EXERCISE DIRECTIONS: Search the entries for the word "item" and copy each line that has it.
INPUT MATERIAL: Begin
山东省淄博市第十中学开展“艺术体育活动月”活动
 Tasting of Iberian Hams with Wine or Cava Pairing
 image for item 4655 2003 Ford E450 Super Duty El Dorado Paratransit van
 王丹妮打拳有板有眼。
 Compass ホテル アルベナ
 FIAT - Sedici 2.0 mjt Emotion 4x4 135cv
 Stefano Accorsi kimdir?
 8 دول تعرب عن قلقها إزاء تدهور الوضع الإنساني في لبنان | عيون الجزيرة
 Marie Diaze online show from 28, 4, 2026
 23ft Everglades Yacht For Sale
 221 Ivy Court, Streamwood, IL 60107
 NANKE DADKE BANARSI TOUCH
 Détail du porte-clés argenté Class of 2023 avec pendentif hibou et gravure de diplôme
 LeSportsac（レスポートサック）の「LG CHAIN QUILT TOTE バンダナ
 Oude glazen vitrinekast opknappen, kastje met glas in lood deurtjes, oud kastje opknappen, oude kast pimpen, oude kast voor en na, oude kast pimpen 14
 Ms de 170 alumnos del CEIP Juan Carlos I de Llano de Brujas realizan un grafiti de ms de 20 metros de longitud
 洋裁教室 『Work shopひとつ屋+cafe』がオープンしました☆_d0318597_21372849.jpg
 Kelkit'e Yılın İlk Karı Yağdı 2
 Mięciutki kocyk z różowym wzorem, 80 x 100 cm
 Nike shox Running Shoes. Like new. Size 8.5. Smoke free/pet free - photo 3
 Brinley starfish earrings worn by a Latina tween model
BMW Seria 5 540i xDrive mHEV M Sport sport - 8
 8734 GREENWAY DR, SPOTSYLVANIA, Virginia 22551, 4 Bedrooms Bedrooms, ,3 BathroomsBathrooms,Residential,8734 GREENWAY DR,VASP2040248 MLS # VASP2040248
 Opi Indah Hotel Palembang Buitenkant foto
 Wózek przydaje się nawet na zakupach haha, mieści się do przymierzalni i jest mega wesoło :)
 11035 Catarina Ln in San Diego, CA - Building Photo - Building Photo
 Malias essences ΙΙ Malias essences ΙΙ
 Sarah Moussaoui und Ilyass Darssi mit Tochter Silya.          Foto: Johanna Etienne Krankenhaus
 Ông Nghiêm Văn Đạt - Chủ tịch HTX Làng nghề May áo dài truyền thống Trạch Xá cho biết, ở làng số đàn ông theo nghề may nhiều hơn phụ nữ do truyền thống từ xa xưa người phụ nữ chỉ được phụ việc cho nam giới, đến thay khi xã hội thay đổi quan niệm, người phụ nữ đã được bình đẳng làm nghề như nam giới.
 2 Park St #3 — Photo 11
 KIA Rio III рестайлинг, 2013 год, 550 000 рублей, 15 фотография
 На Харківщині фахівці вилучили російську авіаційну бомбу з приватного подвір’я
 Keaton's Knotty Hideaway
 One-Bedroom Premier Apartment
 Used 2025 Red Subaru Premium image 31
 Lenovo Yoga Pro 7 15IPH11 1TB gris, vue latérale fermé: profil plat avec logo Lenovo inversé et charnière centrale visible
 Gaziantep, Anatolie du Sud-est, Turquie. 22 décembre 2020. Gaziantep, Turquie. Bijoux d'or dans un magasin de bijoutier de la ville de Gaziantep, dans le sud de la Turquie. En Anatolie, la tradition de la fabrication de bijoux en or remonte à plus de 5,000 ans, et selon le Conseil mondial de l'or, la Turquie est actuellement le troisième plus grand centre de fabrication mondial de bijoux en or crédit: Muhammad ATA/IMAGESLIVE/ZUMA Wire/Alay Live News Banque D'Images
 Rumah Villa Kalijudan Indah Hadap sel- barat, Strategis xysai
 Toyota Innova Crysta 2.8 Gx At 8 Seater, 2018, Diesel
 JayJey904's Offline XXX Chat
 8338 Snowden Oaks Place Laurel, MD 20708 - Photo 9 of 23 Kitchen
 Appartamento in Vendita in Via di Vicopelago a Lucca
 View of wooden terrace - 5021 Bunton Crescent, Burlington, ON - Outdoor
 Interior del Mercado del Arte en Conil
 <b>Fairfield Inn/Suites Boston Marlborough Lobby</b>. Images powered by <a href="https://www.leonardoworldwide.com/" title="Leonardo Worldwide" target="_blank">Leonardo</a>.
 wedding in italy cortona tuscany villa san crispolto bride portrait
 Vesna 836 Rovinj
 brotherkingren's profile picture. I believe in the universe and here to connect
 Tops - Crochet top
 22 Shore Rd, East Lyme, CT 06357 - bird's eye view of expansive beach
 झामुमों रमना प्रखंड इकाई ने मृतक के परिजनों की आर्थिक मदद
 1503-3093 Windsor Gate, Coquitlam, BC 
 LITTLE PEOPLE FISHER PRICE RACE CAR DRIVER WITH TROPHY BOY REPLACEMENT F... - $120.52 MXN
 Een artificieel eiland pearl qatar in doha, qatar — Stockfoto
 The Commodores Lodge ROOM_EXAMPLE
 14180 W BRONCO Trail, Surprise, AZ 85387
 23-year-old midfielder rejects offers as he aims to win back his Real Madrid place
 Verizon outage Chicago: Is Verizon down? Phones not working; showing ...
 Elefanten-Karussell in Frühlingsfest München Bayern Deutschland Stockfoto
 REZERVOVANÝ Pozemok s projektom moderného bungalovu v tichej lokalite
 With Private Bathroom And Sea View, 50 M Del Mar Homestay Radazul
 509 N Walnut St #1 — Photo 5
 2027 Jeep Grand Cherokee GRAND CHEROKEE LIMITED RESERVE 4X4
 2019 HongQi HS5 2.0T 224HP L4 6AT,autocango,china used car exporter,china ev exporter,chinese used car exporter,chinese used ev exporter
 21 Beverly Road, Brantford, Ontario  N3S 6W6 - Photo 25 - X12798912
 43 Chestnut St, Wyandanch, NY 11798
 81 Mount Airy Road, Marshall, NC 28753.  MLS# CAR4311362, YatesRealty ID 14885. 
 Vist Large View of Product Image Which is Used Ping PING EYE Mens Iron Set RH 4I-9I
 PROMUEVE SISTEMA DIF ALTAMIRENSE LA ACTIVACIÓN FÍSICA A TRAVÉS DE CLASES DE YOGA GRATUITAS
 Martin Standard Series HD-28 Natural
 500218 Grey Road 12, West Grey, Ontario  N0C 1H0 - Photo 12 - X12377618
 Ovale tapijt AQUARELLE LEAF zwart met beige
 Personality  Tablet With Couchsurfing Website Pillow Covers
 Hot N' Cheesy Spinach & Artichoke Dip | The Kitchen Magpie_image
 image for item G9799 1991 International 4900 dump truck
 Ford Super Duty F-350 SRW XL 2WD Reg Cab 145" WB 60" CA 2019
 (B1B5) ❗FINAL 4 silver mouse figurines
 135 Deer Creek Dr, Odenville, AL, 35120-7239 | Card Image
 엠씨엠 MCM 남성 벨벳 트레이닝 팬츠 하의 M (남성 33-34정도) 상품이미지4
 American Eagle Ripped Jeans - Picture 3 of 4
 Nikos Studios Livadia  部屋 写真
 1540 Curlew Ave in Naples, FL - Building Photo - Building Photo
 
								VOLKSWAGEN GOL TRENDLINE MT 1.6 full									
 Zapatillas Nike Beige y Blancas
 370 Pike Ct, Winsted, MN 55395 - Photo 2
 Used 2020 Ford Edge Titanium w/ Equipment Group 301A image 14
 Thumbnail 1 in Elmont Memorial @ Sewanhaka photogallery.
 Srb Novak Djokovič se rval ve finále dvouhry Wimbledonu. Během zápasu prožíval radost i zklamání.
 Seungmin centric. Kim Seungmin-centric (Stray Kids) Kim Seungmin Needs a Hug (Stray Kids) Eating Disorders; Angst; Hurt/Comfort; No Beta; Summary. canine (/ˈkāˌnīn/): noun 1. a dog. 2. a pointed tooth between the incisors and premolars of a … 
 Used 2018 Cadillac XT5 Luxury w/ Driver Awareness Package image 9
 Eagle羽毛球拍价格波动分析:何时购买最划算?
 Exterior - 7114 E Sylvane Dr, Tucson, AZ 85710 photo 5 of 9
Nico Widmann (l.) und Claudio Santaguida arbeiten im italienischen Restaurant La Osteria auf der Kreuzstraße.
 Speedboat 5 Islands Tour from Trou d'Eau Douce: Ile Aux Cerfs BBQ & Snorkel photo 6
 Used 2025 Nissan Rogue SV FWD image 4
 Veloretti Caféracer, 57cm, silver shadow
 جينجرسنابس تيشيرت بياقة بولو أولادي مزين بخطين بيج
INPUT MATERIAL: End
TASK SOLUTION:
 image for item 4655 2003 Ford E450 Super Duty El Dorado Paratransit van
 image for item G9799 1991 International 4900 dump truck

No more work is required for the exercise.